At dusk on the 19th, Quantrill and his men saddled up and headed west towards Kansas. They arrived at the headwaters of the Grand River in Cass County 4-5 miles east of the Kansas state line shortly before dawn where they camped in a dense forest until late afternoon. Our buses drove us through a section of the wooded area where Quantrill and his men had camped. Sometime after leaving their campsite, Quantrill and his men ran into Confederate Colonel John Holt and 100 unarmed new recruits who were subsequently invited to tag along. An additional 50 men from Cass and Bates Counties also joined Quantrill for his impending raid. By that afternoon, Quantrill and his men, now 450 strong, began their travels along the creek and tree lines towards Kansas, arriving at the state line at 6:00 p.m.
The first day of the tour made its final stop at the Dye Farm located in Lamar, a few miles east of the Kansas state line.
The beautiful Dye farmhouse
In 1863, the farmhouse on the Dye Farm had been targeted and set on fire by Union troops, but one room survived. In 1971, it was discovered that President Truman lived on this farm for the first two years of his life. His first memories were of the backyard of the farmhouse. While enjoying some homemade barbecue and drinking iced tea out of tin cups, we watched a short reenactment which began with several distressed women discussing the attack on Missourians followed by Quantrill’s council meeting where Quantrill’s Captains unanimously voted to attack Lawrence.
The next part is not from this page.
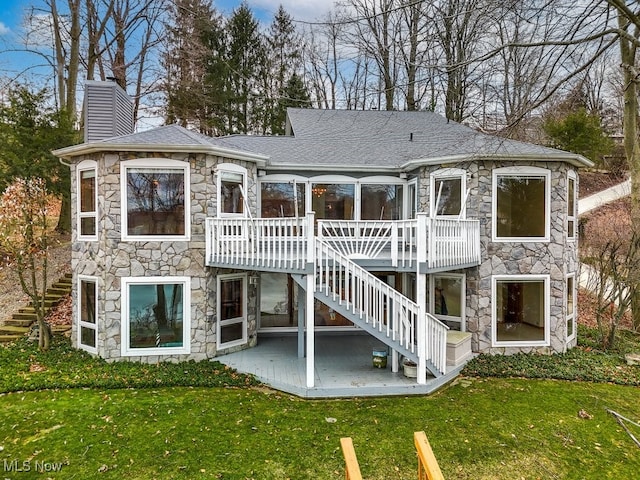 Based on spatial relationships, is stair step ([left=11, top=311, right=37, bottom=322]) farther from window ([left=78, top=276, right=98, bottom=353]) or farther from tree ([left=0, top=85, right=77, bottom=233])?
tree ([left=0, top=85, right=77, bottom=233])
At 3:00 p.m. sharp, our buses headed back to Harrisonville marking the conclusion of the tour’s first day.
Quantrill’s council meeting was held on August 10, 1863. The reenactors belong to Elliott’s Scouts Civil War Reenactment Unit including Larry Yeatman, standing, who played Quantrill.
The second day of our tour also began in Harrisonville, Missouri with Ross Marshall as the tour guide for approximately 50 sightseers. As we headed towards Quantrill’s final stop before Lawrence, we passed through Squiresville, Kansas. Today, Squiresville is nothing more than vacant land with grass and trees, but during the Civil War Squiresville was the home of the infamous Colonel C.R. “Doc” Jennison, leader of the Kansas Jayhawkers. Squiresville also held auctions where stolen goods from Missouri would be sold. Approximately two and a half miles from Squiresville, Quantrill and his men made their final stop before Lawrence, where they rested, ate, and fed their horses. After nightfall, the men slowly made their way in columns of four to Gardner where they arrived approximately around 11:00 p.m. The lack of moon or stars made their trek into Kansas rather difficult; therefore, kidnapping a farmer near or around Gardner was deemed necessary to guide them in the proper direction. Quantrill and his men continued to kidnap farmers every mile or so until Quantrill recognized the area. From Gardner, Quantrill and his men followed the Santa Fe Trail and then headed north to Lawrence. It must have been a sight to see these men make their way to Lawrence. With 450 riders and four men to a column, the line of raiders easily stretched to a half-mile long.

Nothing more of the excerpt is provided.